Mass. Win Ripples Through Other Blue State Races

Mass. Win Ripples Through Other Blue State Races

By Kyle Trygstad - January 20, 2010

Just two people -- John F. Kennedy and Edward M. Kennedy -- had been elected in the last 58 years to the Massachusetts Senate seat Republican Scott Brown won yesterday. The seat's legacy and Democrats' dominance in the state were no match, however, for the lethal mix of Brown's message and a poorly run campaign by Democrat Martha Coakley, as well as a shifting public mood.

The upset, which political analyst Stuart Rothenberg called the biggest of his adult life, follows Republican wins in the New Jersey and Virginia governor's races last year -- all three states voted convincingly for Barack Obama in 2008. The Massachusetts loss threatens to derail an already-stalled agenda, especially health care reform, which the House and Senate have struggled to negotiate and national polling shows is unpopular.

It also could spell trouble for Democrats in the midterm elections in November, even in states with similar political leanings as Massachusetts -- states such as New York and California, where Democratic senators are fighting to keep their seats.

In a statement last night, Sen. John Cornyn (R-Texas), chairman of the National Republican Senatorial Committee, noted that the Republican message resonated "even in the bluest of blue states."

"As we look forward to the midterm elections this November, Democrats nationwide should be on notice," he said.

"As goes Massachusetts, anything can happen," MSNBC host Chris Matthews said last night. And Democratic strategist Mary Anne Marsh said on FOX News that Brown's win "is going to send a chill down the spines of Democrats across the country." Sen. Evan Bayh (D-Ind.), for one, certainly hopes so. He told ABC News yesterday that "if you lose Massachusetts and that's not a wake-up call, there's no hope of waking up."

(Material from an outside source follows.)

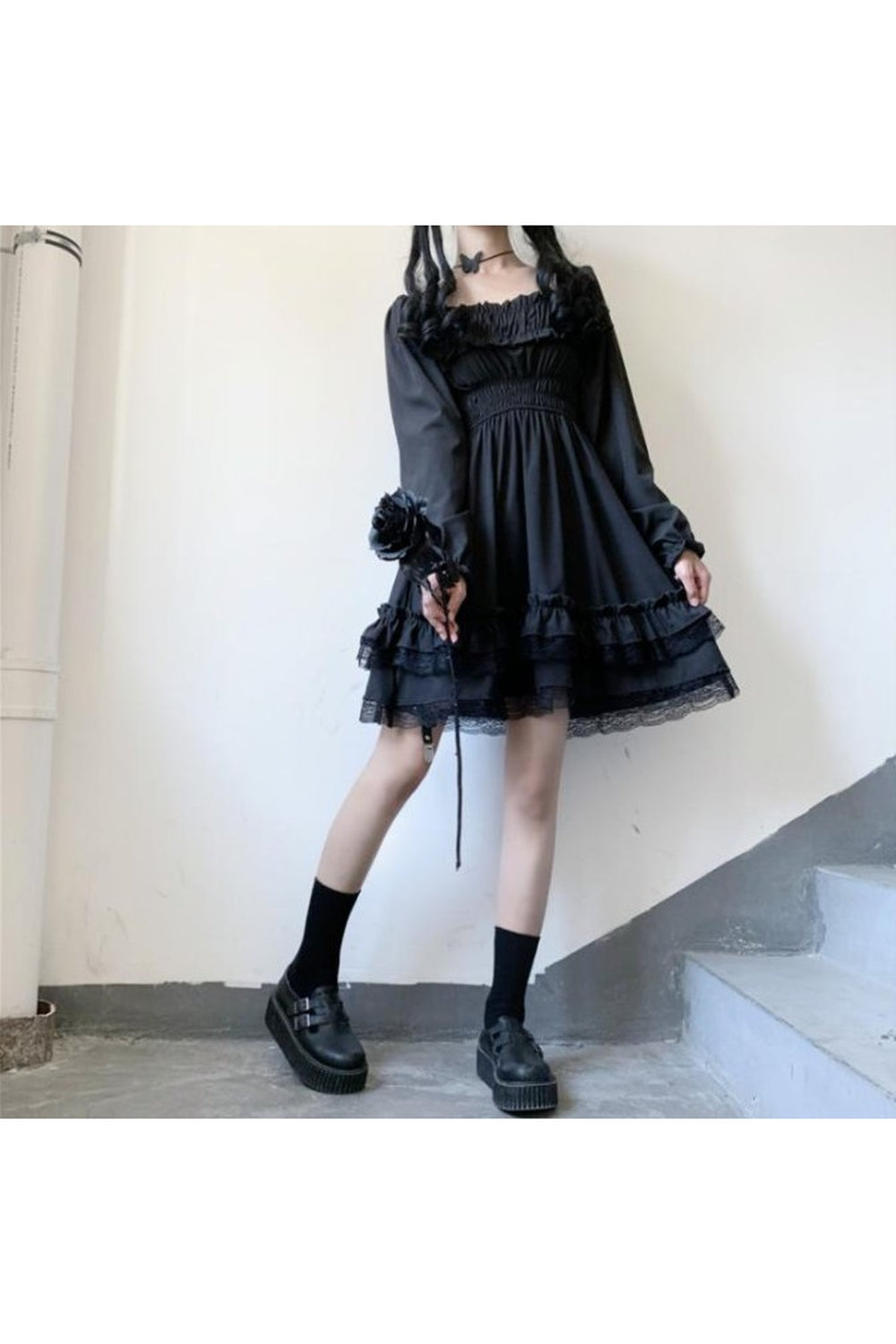 High Waist Gothic Dress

A year after being appointed to her seat, New York Sen. Kirsten Gillibrand is still unknown to more than a third of the state, recent polling finds, and she trails former Republican governor George Pataki in a potential general election matchup. She also could face a primary challenge from former Tennessee congressman Harold Ford Jr.

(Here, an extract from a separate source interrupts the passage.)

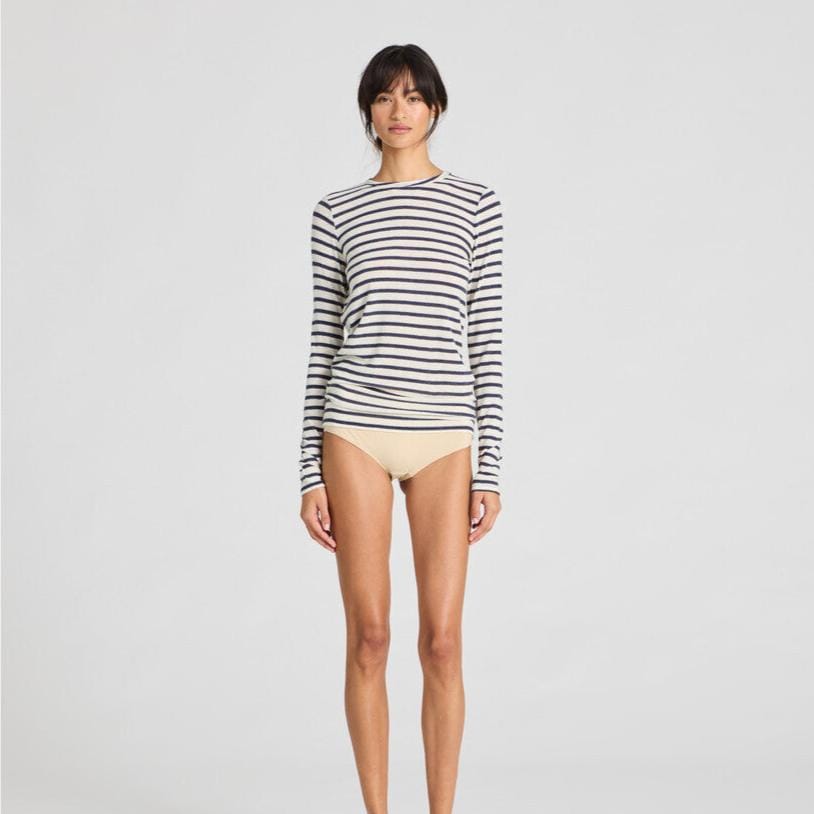 Thyra Bluse - Viskose/Uld - Reverse Denim Stripe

However, at least one person close to the senator says she is no more worried about her election prospects now than last month. Gillibrand's not worried "because she is going to win," spokesman Matt Canter told RealClearPolitics.

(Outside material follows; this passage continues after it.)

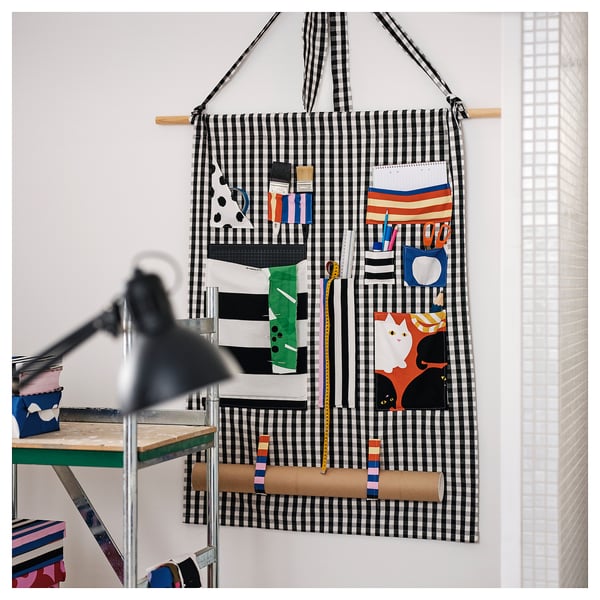 TAGGLUSERN - TAGGLUSERN Pre-cut fabric, black/white, 150x300 cm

Democrats in New York control the governor's mansion and state legislature, and also hold both Senate seats and 26 of 29 House seats. However, Democrats have an even stronger hold in Massachusetts, including all 10 House seats and, until last night, both Senate seats.

In California, Sen. Barbara Boxer's campaign is taking the Massachusetts result more seriously. In an interview with RCP, Boxer campaign manager Rose Kapolczynski said the campaign had already been preparing for a tough re-election but there could be important lessons learned from the Massachusetts race.

"Even though California is a very reliable blue state in presidential elections, it's not so clearly blue in other elections," said Kapolczynski. "We're taking nothing for granted."

One lesson she noted is that "it could signal the emergence of the Tea Party movement as a stronger political force."

"If it's true that they're a crucial part of the momentum that Brown developed, it could give Chuck DeVore a boost here in California," Kapolczynski said of the state Assemblyman considered the most conservative of Boxer's challengers. "He could be more competitive if they really engage."

DeVore has developed a national grassroots following in reaction to the national GOP's support for Carly Fiorina. Also hoping to knock off Boxer is former congressman Tom Campbell.

"Every one of the Republicans running would present their own unique campaign and their own unique challenges," said Kapolczynski, "but I think in the end the people of California are going to re-elect Barbara Boxer."

Senate Majority Leader Harry Reid was already facing a tough re-election in Nevada, where he trails two relatively unknown Republicans. Another member of party leadership, Washington Sen. Patty Murray isn't expected to face a tough challenge, but the Seattle Times -- in reaction to the Massachusetts race --noted recently that "the potential for voter backlash nationally against Democrats could be a wild card in her race."

Seeing the writing on the wall, Connecticut Sen. Chris Dodd opted against running for re-election. Running in his place is state Attorney General Richard Blumenthal, who polls show leading Republicans by 20 points. However, his opponents will certainly try to build on the GOP win in the state's neighbor to the north -- in a statement last night, Linda McMahon said "Scott Brown is only the beginning."

So what other Democrats could face a tougher re-election than initially expected? Democratic Senatorial Campaign Committee Chairman Robert Menendez says not to read too much into the Massachusetts race.

"It is important to keep in mind that today's special election in Massachusetts was just that: a special election, with a whole host of circumstances that are unique," he said. "I would caution against taking a single unique election and extrapolating what it means for the midterms ten months away."

Whether or not Democratic incumbents in states like Wisconsin, Oregon and Washington are now in jeopardy, Brown's win will likely provide a boost to Republican fundraising, which has lagged behind Democrats so far this cycle. The National Republican Congressional Committee was out with a fundraising e-mail just an hour after Brown won.